Is $\gcd\bigg(\gcd(a,b),\gcd(c,d)\bigg) = \gcd\bigg(\gcd(a,c),\gcd(b,d)\bigg)$ another instance of GCD Associativity?

I know that $$\gcd\bigg(e,\gcd(f,g)\bigg)=\gcd\bigg(\gcd(e,f),g\bigg)=\gcd(e,f,g).$$

I was wondering whether this can be extended to $$\gcd\bigg(\gcd(a,b),\gcd(c,d)\bigg) = \gcd\bigg(\gcd(a,c),\gcd(b,d)\bigg) = \gcd\bigg(\gcd(a,d),\gcd(b,c)\bigg) = \gcd(a, b, c, d)?$$

I tried checking this closely related question, but it appears that my inquiry is not covered there.

Answer 1

All those forms are equal, and equal to $\,\gcd(a,b,c,d)\,$. This follows from piecing together the results quoted below, whose full proofs can be found at the respective links.

• $\gcd(a,b)\,$ is commutative, by definition.

• $\gcd\,$ is associative, in the sense that $\,\gcd\left(\gcd(a,b),c\right)=\gcd\left(a, \gcd(b,c)\right)\,$, proved for example under $\gcd(a,b,c)=\gcd(\gcd(a,b),c)\,$ [Associative Law for GCD, LCM].

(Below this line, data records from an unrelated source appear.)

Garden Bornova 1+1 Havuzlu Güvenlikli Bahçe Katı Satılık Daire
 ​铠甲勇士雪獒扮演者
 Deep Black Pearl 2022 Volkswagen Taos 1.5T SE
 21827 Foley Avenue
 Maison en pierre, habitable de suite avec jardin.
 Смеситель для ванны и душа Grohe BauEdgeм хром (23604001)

• Associativity amounts to being able to "drop the parentheses", proved under How does one actually show from associativity that one can drop parentheses?, and specifically for $\,\gcd\,$ under $\gcd(a_1,a_2,\ldots,a_n) = \gcd(\gcd(\gcd(a_1,a_2),a_3),\ldots.a_n)$ [gcd is associative].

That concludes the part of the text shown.